## Given data

▬▬▬

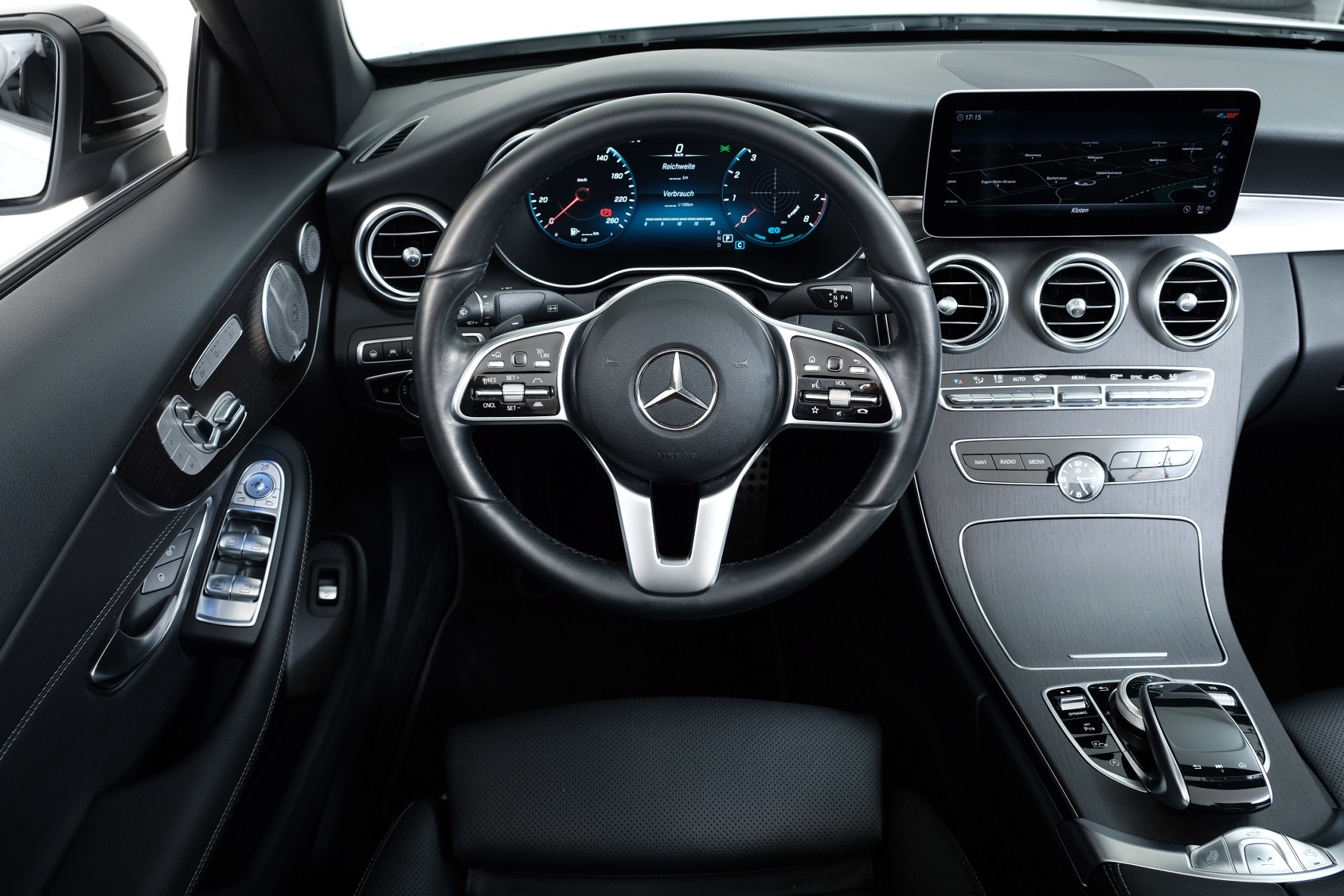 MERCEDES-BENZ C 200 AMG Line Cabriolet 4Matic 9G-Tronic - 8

▬▬▬

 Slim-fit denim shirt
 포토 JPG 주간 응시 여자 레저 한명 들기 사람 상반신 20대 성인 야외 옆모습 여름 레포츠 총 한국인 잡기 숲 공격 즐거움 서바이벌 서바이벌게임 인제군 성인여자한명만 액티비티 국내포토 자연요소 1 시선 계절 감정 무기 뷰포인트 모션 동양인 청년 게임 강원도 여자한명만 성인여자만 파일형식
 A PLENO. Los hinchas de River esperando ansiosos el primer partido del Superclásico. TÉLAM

▬▬▬

## What you have to do
Among the records above, extract exactly the lines from the line with "포토 JPG 주간 응시" to the line with "A PLENO. Los", both lines included, and leave out the rest.

## Answer to the problem
 포토 JPG 주간 응시 여자 레저 한명 들기 사람 상반신 20대 성인 야외 옆모습 여름 레포츠 총 한국인 잡기 숲 공격 즐거움 서바이벌 서바이벌게임 인제군 성인여자한명만 액티비티 국내포토 자연요소 1 시선 계절 감정 무기 뷰포인트 모션 동양인 청년 게임 강원도 여자한명만 성인여자만 파일형식
 A PLENO. Los hinchas de River esperando ansiosos el primer partido del Superclásico. TÉLAM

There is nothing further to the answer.